This work addresses the convergence challenges of Maximum Mean Discrepancy (MMD) gradient flows arising from non-convexity by proposing a Sobolev-regularized MMD gradient flow method with gradient penalty on the witness function. The approach eliminates the need for isoperimetric assumptions on the target distribution and, for the first time, guarantees global convergence simultaneously in both continuous and discrete time. It provides a unified framework applicable to sampling and generative modeling tasks involving unnormalized densities. By integrating Sobolev regularization, kernel mean embeddings, and Stein kernel techniques, the proposed method demonstrates superior convergence properties and generalization performance over existing approaches across a range of experiments.
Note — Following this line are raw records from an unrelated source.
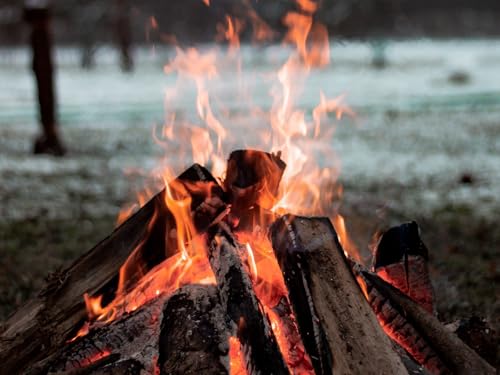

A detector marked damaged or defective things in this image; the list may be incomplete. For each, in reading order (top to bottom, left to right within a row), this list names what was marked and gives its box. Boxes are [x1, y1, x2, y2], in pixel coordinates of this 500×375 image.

charred wood surface [0, 164, 225, 375]
charred wood surface [159, 284, 229, 375]
charred wood surface [207, 226, 288, 375]
charred wood surface [270, 216, 406, 375]
charred wood surface [374, 223, 436, 314]
charred wood surface [358, 270, 494, 375]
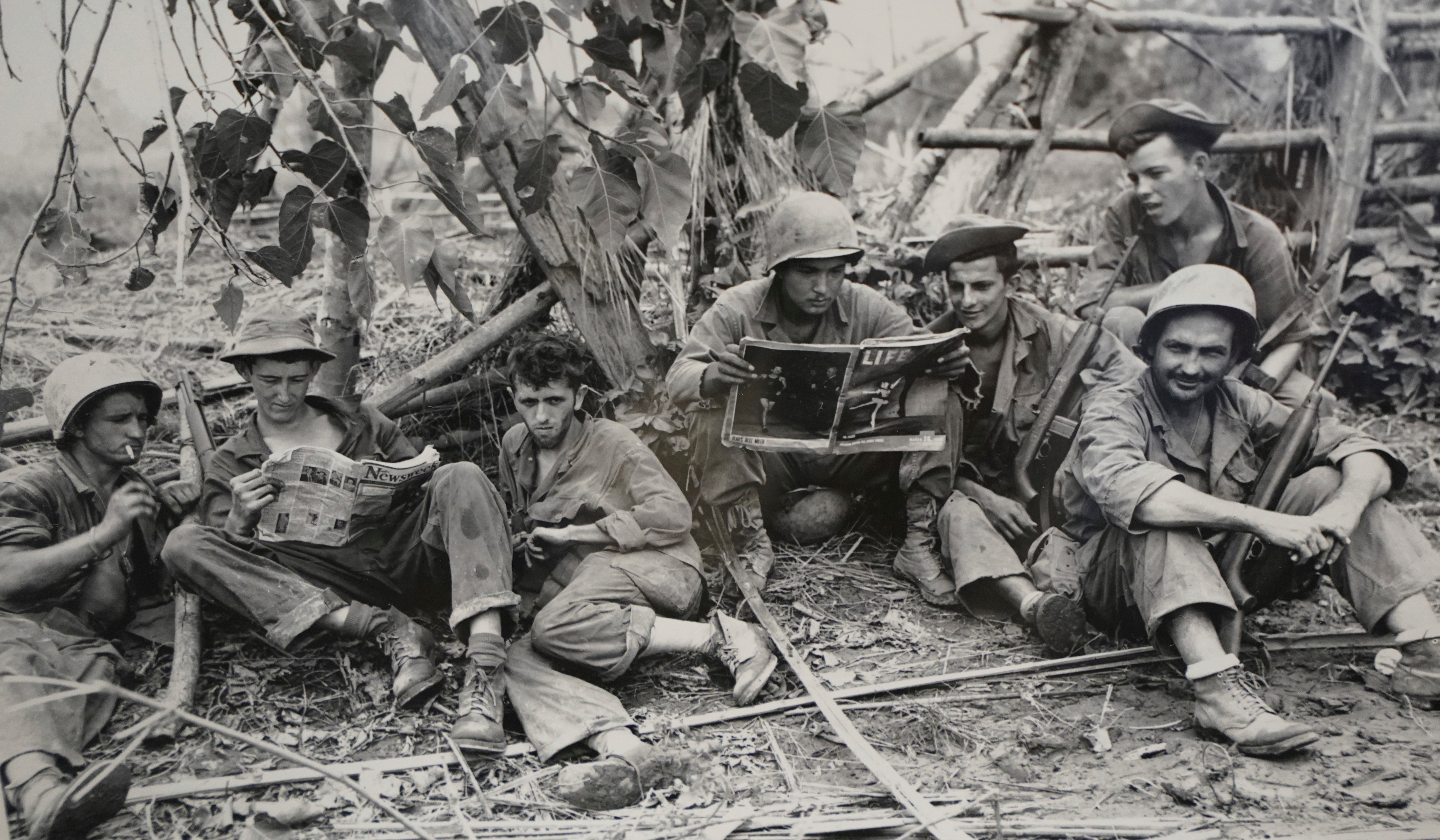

We propose Sobolev-regularized Maximum Mean Discrepancy (SrMMD) gradient flow, a regularized variant of maximum mean discrepancy (MMD) gradient flow based on a gradient penalty on the witness function. The proposed regularization mitigates the non-convexity of the MMD objective and yields provable \emph{global} convergence guarantees in MMD in both continuous and discrete time. A more surprising appeal is that our convergence analysis does not rely on isoperimetric assumptions on the target distribution. Instead, it is based on a regularity condition on the difference between kernel mean embeddings. A key highlight of the proposed flow is that it is applicable in both sampling (from an unnormalized target distribution) -- using Stein kernels -- and generative modeling settings, unlike previous works, where a gradient flow is suitable for only generative modeling or sampling but not both. The effectiveness of the proposed flow is empirically verified on a broad range of tasks in both generative modelling and sampling.